The following narrowed arteries cannot be treated with Angioplasty and stenting, so atherectomy is recommended: procedure in which a thin tube with a balloon and/or a small mesh tube is inserted through a large leg artery to open up the obstruction Bypass surgery: Redirected blood vessels to avoid arterial blockage Atherectomy is sometimes used in addition to angioplasty and stenting. In this procedure, hardened plaques are first removed to some extent so that balloons and stents can be inserted, which widen the artery.
Local anesthesia is used for the atherectomy procedure. Using a small needle that is inserted into a blood vessel in the groin, a thin guide wire is inserted into the blocked artery. This directs a thin tube or catheter to the blockage, where a dye is injected and X-rays are taken to examine the artery's course.

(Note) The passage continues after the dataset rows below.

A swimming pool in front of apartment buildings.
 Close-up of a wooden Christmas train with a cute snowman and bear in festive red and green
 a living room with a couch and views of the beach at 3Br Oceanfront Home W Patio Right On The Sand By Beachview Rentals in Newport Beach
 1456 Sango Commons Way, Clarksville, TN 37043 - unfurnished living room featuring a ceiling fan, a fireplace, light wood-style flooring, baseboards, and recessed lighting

After that, your surgeon will use a guide wire to insert an atherectomy catheter with a blade, grinding bit, or laser filament at its tip into the narrowed portion of the artery to remove the plaque. In order to remove significant portions of the hardened plaque, your surgeon may pass the catheter multiple times. The plaque is scraped off while it is in the collecting chamber or suction system at the tip of the catheter. Your surgeon will remove the hardened plaque and then insert a stent, a small mesh tube, into the artery to support and keep the wall wide open, preventing it from narrowing again. The catheter is removed after the treatment is finished.
A muscular organ that circulates blood throughout the body is the heart. Electrical signals initiate the heart's rhythmic beating. The heart's rhythm can change if these signals change or are interrupted. A pacemaker is a small device that is inserted into the chest cavity to change the rhythm of the heart and keep it stable. A battery that can last anywhere from six to ten years, a pulse generator that helps analyze and regulate the heartbeat, and lead wires that stimulate the heartbeat make up a permanent pacemaker.
pacing device with one chamber: When the electric impulses traveling from the right atrium to the right ventricle slow down, which in turn slows down the heart rate, this kind of pacemaker is used. A single lead wire connects the pacemaker to either the right ventricle or the right atria.
Pacemaker with two chambers: Two lead wires connect this kind of pacemaker to the right ventricle and right atria, respectively. It keeps the heartbeat in check all the time and makes the heart pump more efficiently.